In 2002, Defense Secretary Don Rumsfeld got sneers and jeers for rambling about "known unknowns." But Rumsfeld was onto something. He was trying to make a crucial distinction originally developed by Sherman Kent, the legendary leader of the CIA’s analytic branch. Kent argued that there are three types of intelligence:
1. Information that is knowable in the world and known by our government;
2. Information that is knowable in the world but not known by our government;
3. Information that is not knowable to anyone at all.
The first, "knowable and known" category includes things like weapons that can be counted in theory and have been counted by U.S. officials in practice. The number of Chinese aircraft carriers, for example, is well known (they currently have one, a refurbished Ukrainian ship). The second category of intelligence includes things that can be discovered in theory by our intelligence agencies but have not been discovered in practice. We know about the existence of China’s carrier, but unless you have been on board or have a spy who has, it’s hard to know how the newly retrofitted ship operates under various weather and battle conditions. Carrier performance is known by some in the Chinese navy but probably not by us. The third intelligence category is the doozy: Things that are not knowable to anyone at all. This is the world of intentions.

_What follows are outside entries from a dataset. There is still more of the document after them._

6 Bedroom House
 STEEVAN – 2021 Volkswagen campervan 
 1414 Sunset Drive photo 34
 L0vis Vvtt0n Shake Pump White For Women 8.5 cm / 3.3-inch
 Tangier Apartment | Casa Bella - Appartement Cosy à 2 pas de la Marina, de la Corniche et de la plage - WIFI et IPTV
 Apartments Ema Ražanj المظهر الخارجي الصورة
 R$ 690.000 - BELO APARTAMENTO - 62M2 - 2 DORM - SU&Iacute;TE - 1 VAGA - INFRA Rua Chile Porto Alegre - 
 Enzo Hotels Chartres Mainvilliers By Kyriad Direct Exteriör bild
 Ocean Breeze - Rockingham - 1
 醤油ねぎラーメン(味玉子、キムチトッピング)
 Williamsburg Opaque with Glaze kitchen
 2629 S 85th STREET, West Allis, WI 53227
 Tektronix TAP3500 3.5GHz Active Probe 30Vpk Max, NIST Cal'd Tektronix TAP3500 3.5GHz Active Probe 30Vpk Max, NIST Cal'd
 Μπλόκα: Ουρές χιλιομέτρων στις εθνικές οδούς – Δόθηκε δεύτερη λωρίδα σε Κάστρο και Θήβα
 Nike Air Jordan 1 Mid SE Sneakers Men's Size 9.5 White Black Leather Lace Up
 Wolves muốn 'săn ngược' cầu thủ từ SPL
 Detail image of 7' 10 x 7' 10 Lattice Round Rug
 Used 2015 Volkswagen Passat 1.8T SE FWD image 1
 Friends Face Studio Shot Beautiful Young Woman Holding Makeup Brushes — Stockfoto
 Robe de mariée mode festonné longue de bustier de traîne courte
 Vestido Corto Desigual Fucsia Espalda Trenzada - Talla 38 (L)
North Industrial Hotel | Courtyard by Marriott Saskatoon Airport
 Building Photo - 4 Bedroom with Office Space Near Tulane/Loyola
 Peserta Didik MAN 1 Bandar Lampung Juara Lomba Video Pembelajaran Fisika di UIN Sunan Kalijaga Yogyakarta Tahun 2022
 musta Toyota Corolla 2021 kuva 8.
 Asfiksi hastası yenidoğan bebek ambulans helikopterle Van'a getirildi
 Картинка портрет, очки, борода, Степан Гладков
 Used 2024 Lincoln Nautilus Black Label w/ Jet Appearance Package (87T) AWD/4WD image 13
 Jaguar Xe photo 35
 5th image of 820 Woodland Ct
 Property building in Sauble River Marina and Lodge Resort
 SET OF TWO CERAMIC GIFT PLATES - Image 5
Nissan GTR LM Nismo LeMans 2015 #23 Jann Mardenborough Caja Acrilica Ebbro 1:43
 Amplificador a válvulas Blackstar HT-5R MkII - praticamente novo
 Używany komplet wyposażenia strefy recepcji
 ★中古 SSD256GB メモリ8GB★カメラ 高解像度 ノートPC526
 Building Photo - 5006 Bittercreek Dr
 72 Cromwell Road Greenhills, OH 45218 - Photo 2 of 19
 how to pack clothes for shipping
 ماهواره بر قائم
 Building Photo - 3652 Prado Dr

Assessing even our own intentions turns out to be harder than you might think. Imagine that I asked you to write on a piece of paper where you intend to spend your summer vacation next year. Eleven months from now, you retrieve your piece of paper and compare what you predicted to what you actually did. There is a pretty good chance that your prediction turns out to be wrong, for a gazillion possible reasons. Maybe you took up snorkeling, gave up smoking, bought a house, lost a job, had a baby. Or maybe the change in plan had nothing to do with you — the hotel closed for renovation, the travel deal expired, the security situation there deteriorated. Life has a way of intervening, making even the best laid plans go awry.
This is the easiest case: It’s you predicting your own behavior. Now try predicting the behavior of someone else. Add volumes of information, some of it correct, some incomplete, most of it probably wrong. Extend the time horizon. And then consider that this person is actively trying to deceive you.
Welcome to the world of intelligence analysis.
This is why intelligence agencies have such a hard time understanding whether China’s rise will be peaceful, whether Iran is going nuclear, whether Burma’s political opening will continue, whether the Muslim Brotherhood is serious about democratization, or what in the world Kim Jong Un will do next. Even Kim may not know the answer to that one. But maybe Joe Scarborough and Nate Silver can bet on it.